Letting go of a Poker Dream?

Over the last week or so, I’ve come to realize that poker is not really something that I’m ever going to excel in. I’ve never thought of myself as an elite poker player. I’ve always enjoyed the game itself, and I’ve enjoyed the camaraderie with the players that I’ve fellowshipped with throughout my 3 plus years of playing the game.

But lately, I’ve been taking poker too seriously I guess. It’s ceased becoming a fun game, and become more of a business venture of sorts, and a losing one at that. I’ve started to look a the statistics of how my play fares from a financial standpoint, and it’s losing it’s fun qualities for me.

I started tracking my progress on Full Tilt, and began with a $71 bankroll. I was happy after my cash in the TPT and had some success at the $.05/.10 tables on Tilt. But the cash games just weren’t as fun for me. I played in a little under 2000 hands of poker only to be down, and now, I’ve charted 3200 hands of poker to a losing total of more than $46. I’d say it’s a rut, and there would be some truth in that, but really I’m just getting beat a lot. In looking at my 24 sessions of cash game play, I’ve had 10 losing sessions, and 14 winning sessions.

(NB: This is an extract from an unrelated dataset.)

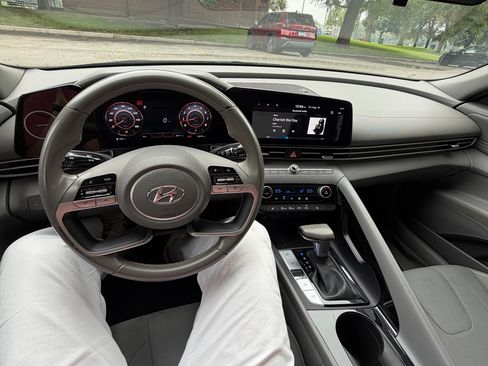 Used 2023 Hyundai Elantra SEL w/ Convenience Package FWD image 15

Yet, I tend to lose a lot more than I win. Not sure exactly why, but I think it’s because I chase my cash when I’m losing instead of walking away. I’ve had 4 double digit dollar losses, and only 1 double digit gain. Meh.

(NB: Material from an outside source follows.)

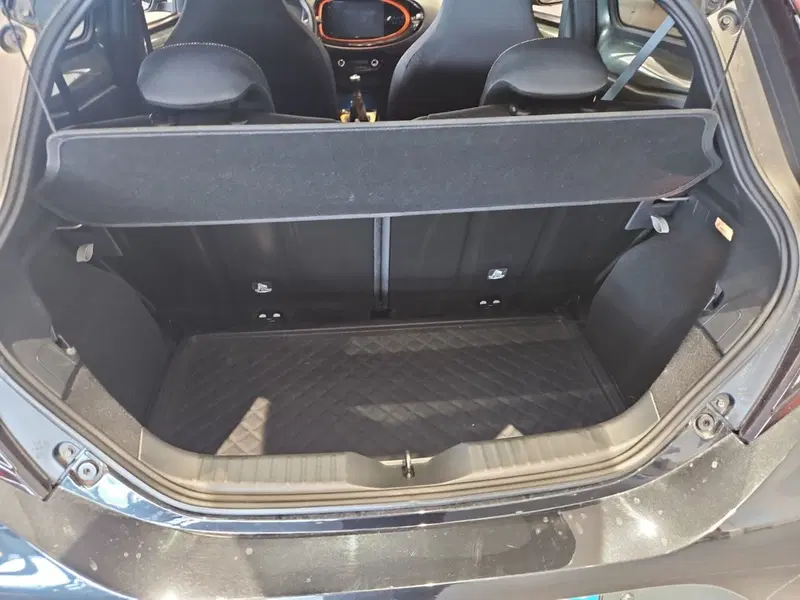 Toyota Aygo X usata a Vicenza (6)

I guess in all this ranting what I’m feeling is that cash games are just less fun than playing in tournaments. So I stepped away from the cash scene and played in some of the 90 person Knockout Sit and Go’s. It’s a $3.30 buy in, and $.50 goes for your knockout, and the other $2.50 into the tourney pot. The final table gets paid, and your collect $.50 each time you knock someone out of the tournament. And lo and behold, I’ve found myself having fun again. I cashed in 9th place in one of the tourney’s and felt happy about it. And in the tourney’s where I lost, I didn’t walk away carrying that sinking feeling of donking off chips on some ridiculous hand.

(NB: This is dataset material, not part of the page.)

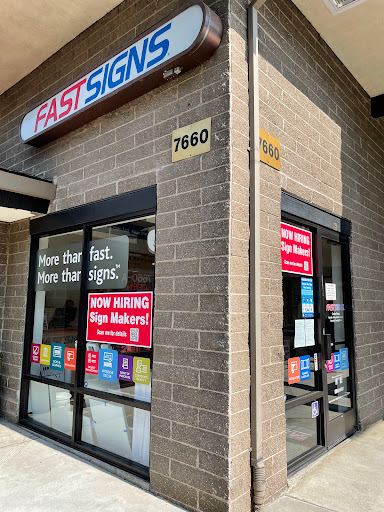 FASTSIGNS image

Over on the Stars side of things, I’ve played in more of the lower buy in tourney’s and enjoyed those a great deal too. But the cash games always tend to leave me frustrated with my losing as well. And while pleased with the small wins that I do get, it leaves me with a thirst for something more.

I’m a big time competitor. I love sports, and I love conclusions. It’s probably why I’d like to see a playoff instead of the BCS mess that they currently have. And I think that it’s this belief that lends me to have more fun at the tourney’s than at the cash games. I like that there is an end goal. I want an eventual winner, rather than an open ended financial goal which seems to be virtually unattainable, and also completely unknown to the other players. How am I supposed to know what the other player’s financial goals are at a cash game? I see so many people come in for one hand, play it, win/lose, and leave again. Was that for fun? It bothers me. At least at a tournament, everyone’s goal is to at least finish in the money, if not to win the whole enchilada.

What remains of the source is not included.